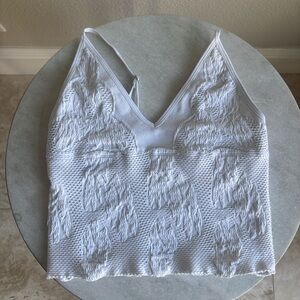 White Textured Tank Top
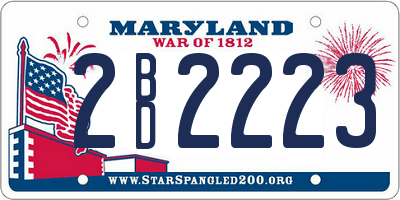 MD license plate 2BD2223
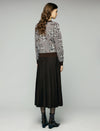 Wool Blend Floral Jacquard Crewneck Button-Front Cardigan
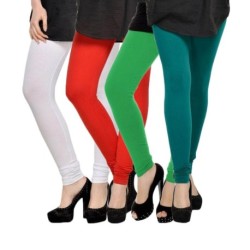 Elevate Women Multicoloured Lycra Leggings - Pack Of 4
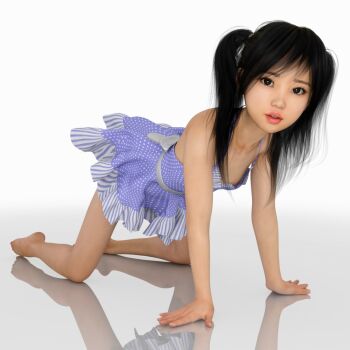 1girl 3d all_fours barefoot black_eyes black_hair blue_dress brown_eyes dress female_focus flat_chest highres lipstick loli looking_at_viewer makeup one-piece_dress reflection simple_background tagme takahashi twintails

----------

Required work:
In the records above, find the line containing "MD license plate 2BD2223" and restate it and every line after it word for word, all pictures excluded.

Response to this task:
 MD license plate 2BD2223
 Wool Blend Floral Jacquard Crewneck Button-Front Cardigan
 Elevate Women Multicoloured Lycra Leggings - Pack Of 4
 1girl 3d all_fours barefoot black_eyes black_hair blue_dress brown_eyes dress female_focus flat_chest highres lipstick loli looking_at_viewer makeup one-piece_dress reflection simple_background tagme takahashi twintails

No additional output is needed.